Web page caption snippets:

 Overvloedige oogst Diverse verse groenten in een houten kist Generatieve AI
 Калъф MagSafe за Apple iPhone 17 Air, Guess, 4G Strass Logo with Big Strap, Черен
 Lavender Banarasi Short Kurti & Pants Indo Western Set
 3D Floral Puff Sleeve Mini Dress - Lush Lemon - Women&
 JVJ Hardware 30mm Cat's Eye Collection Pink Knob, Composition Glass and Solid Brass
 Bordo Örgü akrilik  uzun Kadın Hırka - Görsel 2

Task details: Each entry above is to be transcribed word for word.

Written solution:
 Overvloedige oogst Diverse verse groenten in een houten kist Generatieve AI
 Калъф MagSafe за Apple iPhone 17 Air, Guess, 4G Strass Logo with Big Strap, Черен
 Lavender Banarasi Short Kurti & Pants Indo Western Set
 3D Floral Puff Sleeve Mini Dress - Lush Lemon - Women&
 JVJ Hardware 30mm Cat's Eye Collection Pink Knob, Composition Glass and Solid Brass
 Bordo Örgü akrilik  uzun Kadın Hırka - Görsel 2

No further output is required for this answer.